→ WHAT IS BEING ASKED:
Although the records contain pictures, none belong in the copy: restate word for word only the lines from the one with "Three people working" through the one with "Bathroom with walk", both included.

→ RECORDS SHOWN:
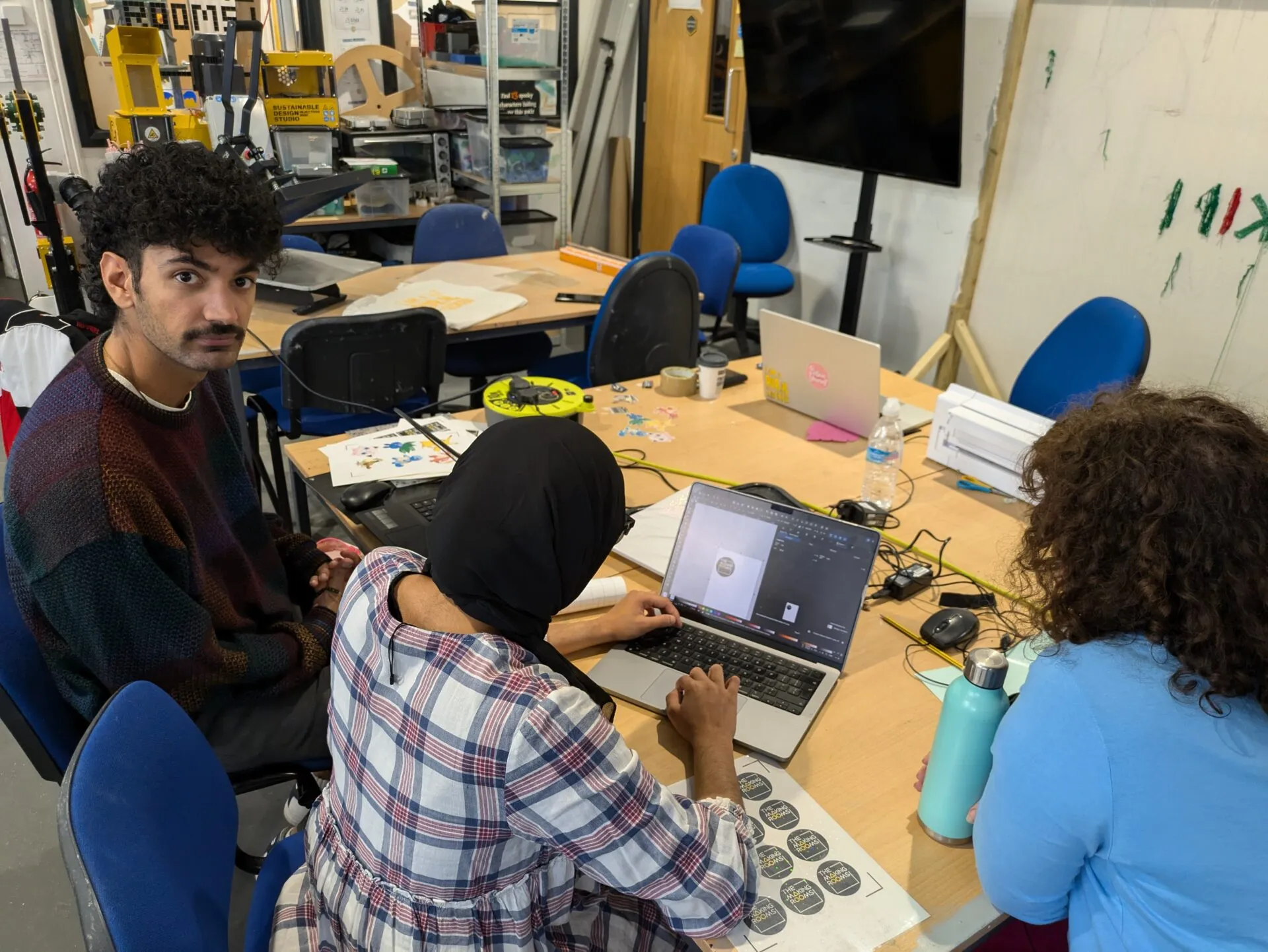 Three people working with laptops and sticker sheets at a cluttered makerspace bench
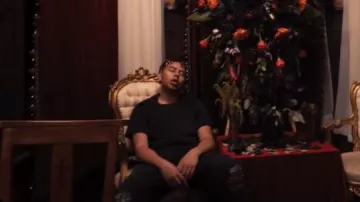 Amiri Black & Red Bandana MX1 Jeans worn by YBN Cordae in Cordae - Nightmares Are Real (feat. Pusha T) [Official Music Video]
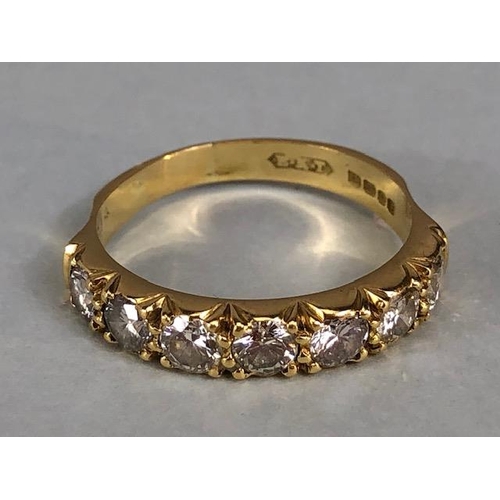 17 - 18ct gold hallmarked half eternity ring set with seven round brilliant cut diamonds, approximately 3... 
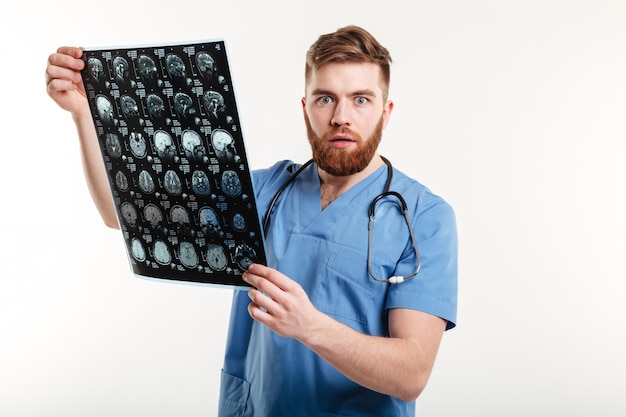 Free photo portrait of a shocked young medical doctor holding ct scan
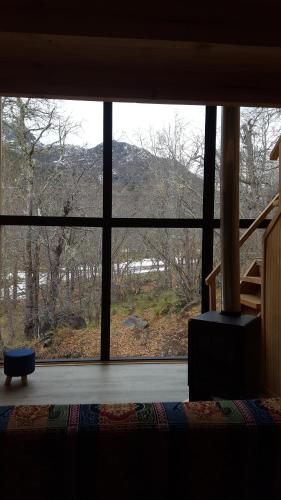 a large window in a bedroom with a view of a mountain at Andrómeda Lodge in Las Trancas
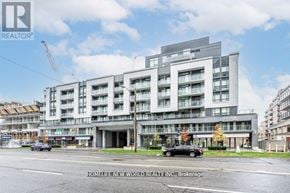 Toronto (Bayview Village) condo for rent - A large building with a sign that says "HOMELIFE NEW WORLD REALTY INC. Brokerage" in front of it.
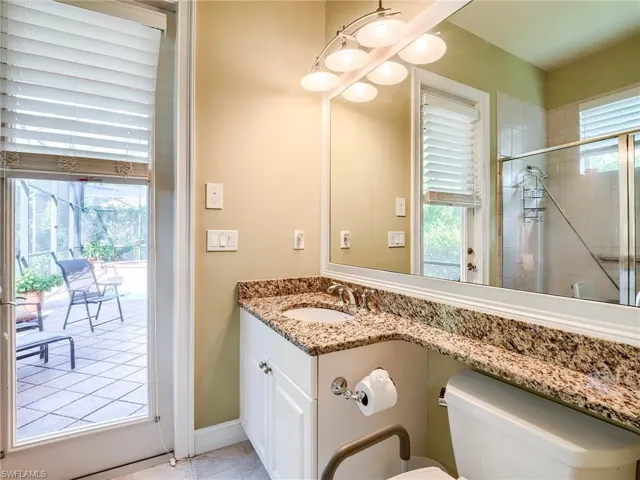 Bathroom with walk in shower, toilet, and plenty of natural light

...

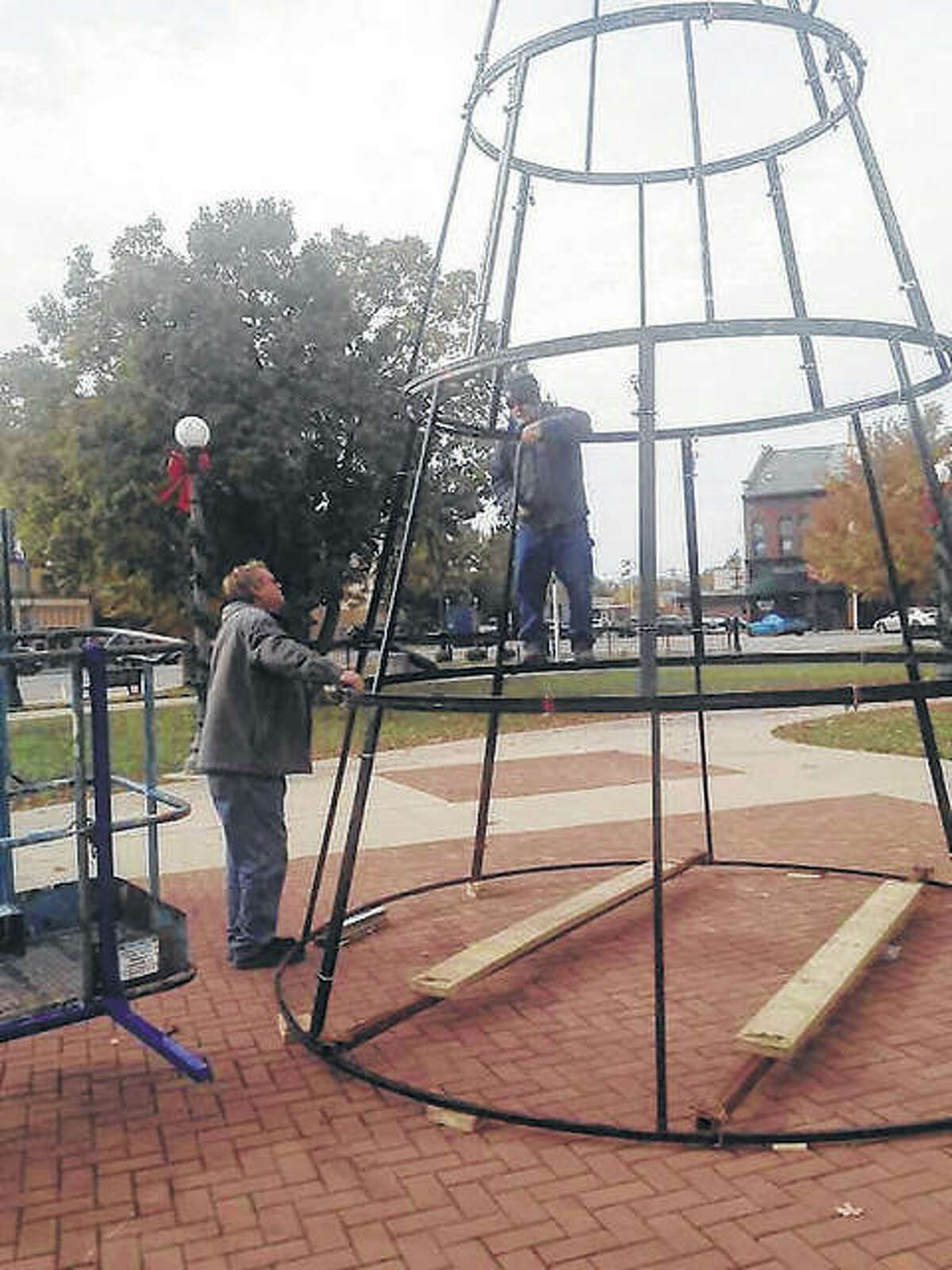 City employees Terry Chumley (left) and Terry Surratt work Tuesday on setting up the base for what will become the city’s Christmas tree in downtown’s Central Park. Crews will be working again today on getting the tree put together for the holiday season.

* * *

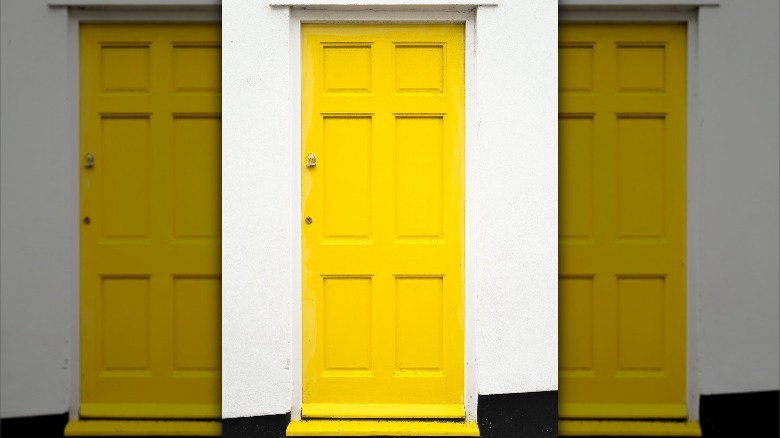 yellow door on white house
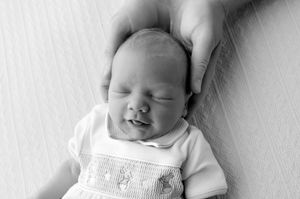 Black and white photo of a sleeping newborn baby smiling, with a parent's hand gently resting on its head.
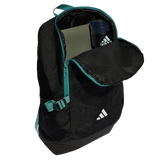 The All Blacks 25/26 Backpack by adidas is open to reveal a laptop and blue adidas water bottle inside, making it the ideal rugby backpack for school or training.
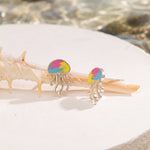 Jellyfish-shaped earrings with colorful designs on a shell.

→ WORKED SOLUTION:
 Three people working with laptops and sticker sheets at a cluttered makerspace bench
 Amiri Black & Red Bandana MX1 Jeans worn by YBN Cordae in Cordae - Nightmares Are Real (feat. Pusha T) [Official Music Video]
 17 - 18ct gold hallmarked half eternity ring set with seven round brilliant cut diamonds, approximately 3... 
 Free photo portrait of a shocked young medical doctor holding ct scan
 a large window in a bedroom with a view of a mountain at Andrómeda Lodge in Las Trancas
 Toronto (Bayview Village) condo for rent - A large building with a sign that says "HOMELIFE NEW WORLD REALTY INC. Brokerage" in front of it.
 Bathroom with walk in shower, toilet, and plenty of natural light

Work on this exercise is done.